Take for instance the Feral Child I once ran into in the Brookville Market. I was picking up bread and lunch meat, trying to get in and out fairly quickly. FC was about four years old, had waist-length, unruly, tangled brown hair, a dirty t-shirt, and untied shoes. I think he might've had a binky, too, but I could be making that up for effect. He ran up and down each aisle, screaming as if he were being chased (he wasn't). Alarmed by this obviously unsupervised child, I looked around to see if any adult was willing to claim him (or looked like they might be attached to this wild child). I was the youngest person in the store by at least 20 years, and didn't see anyone who looked as if they might be his parent.

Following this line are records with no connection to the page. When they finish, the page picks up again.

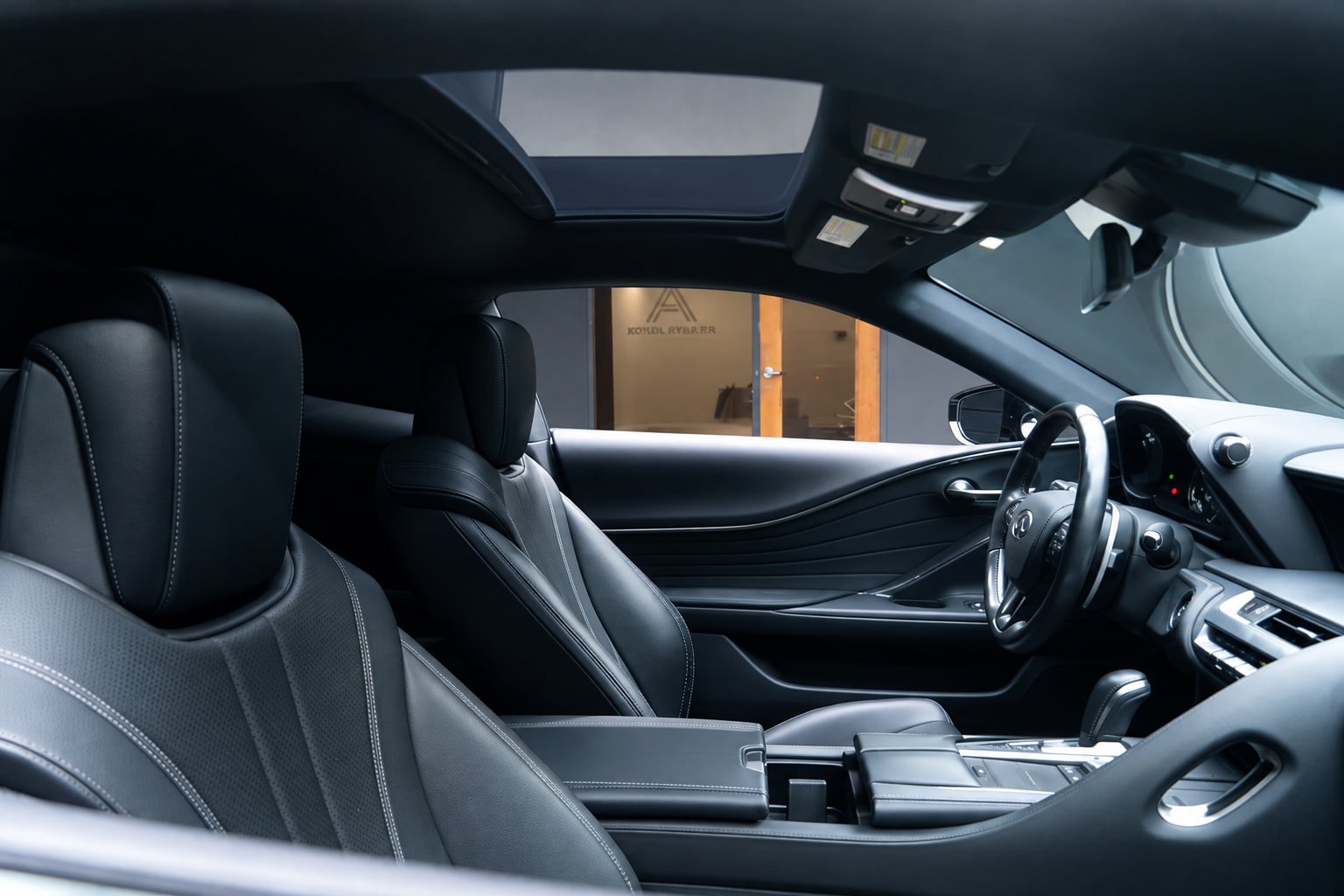 Used 2019 Lexus LC 500 Coupe w/ Touring Package RWD image 29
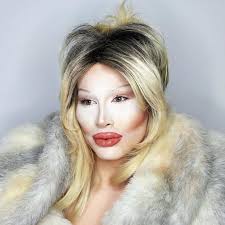 Drag Queen From Manchester Is So Good At Makeup, She Can Turn Into  Literally Any Celebrity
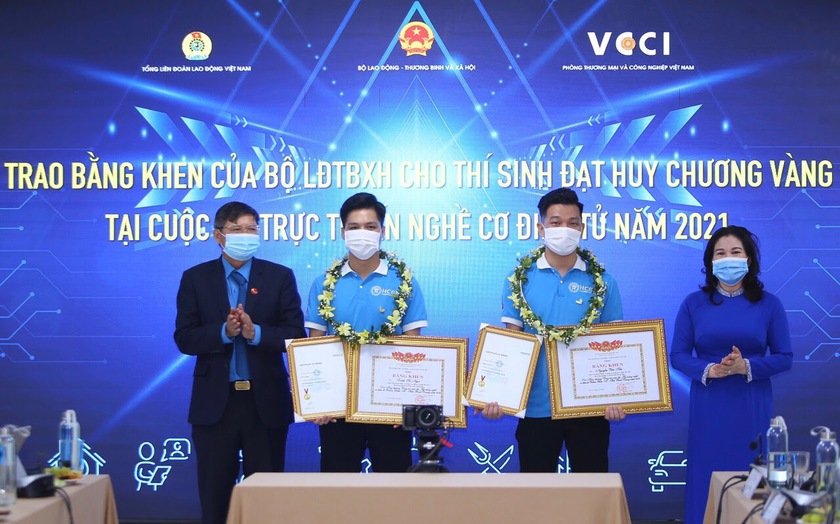 Nguyễn Văn Tấn và hành trình chinh phục Huy chương Vàng tại cuộc thi kỹ năng nghề quốc tế sau khi bỏ ngang đại học - Ảnh 6.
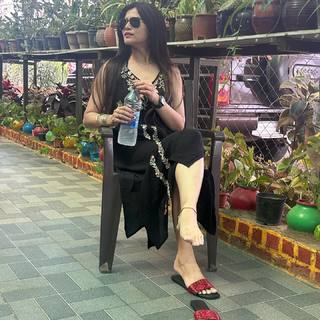 Poonam Yadav feet photo thumbnail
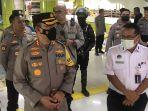 kapolres-jakarta-pusat-kombes-pol-komarudin-kiri.jpg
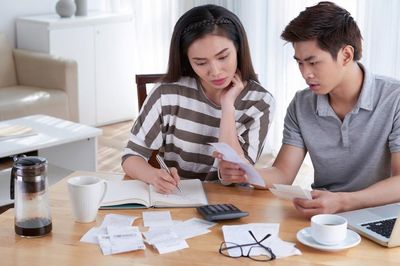 Sốc khi bạn trai bắt 'kê khai' nếu biếu bố mẹ trên 100 nghìn đồng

FC continued to run and scream, and since I had places to be and didn't want to claim him either, I moved to the check out. In front of me was an elderly man of about 70, paying for his groceries. As I unloaded my wares from the basket, the Feral Child ran up behind the old man and slapped him, hard, on the ass. I stood there, stunned, waiting for a tirade from this poor old fellow who had been brutalized from behind by a loathsome monster. But then something completely unexpected happened . . . the old man bent over (rather slowly), playfully grabbed the feral child around the waist, tickled him, and said, "Oh Parker, you are so silly!" And with that, the Feral Child slapped the old man again, saying "Take that, Daddy!" and ran off to cause more mayhem.
Should you see a Feral Child, don't get too close. He or she is liable to act erratically, prone to throwing tantrums, definitely interested in running, and probably unsupervised. His or her parents think everything he or she does is adorable, and are frankly too exhausted to adequately discipline said child. The best advice I can give when dealing with a Feral Child is to not look directly at him. Finish your business as quickly as possible, and remove yourself from the location where she is wreaking her havoc. And by all means, do not laugh at, compliment the "adorableness" of, pet, or feed the Feral Children of Cleveland Park . . . or they just might try to follow you home.
*Note: Lest you think I'm anti-child, I feel the need to clarify that not all Cleveland Park children are feral. In fact, there are some rather nicely behaved kids up there. But it's the feral ones that stand out (and run rampant).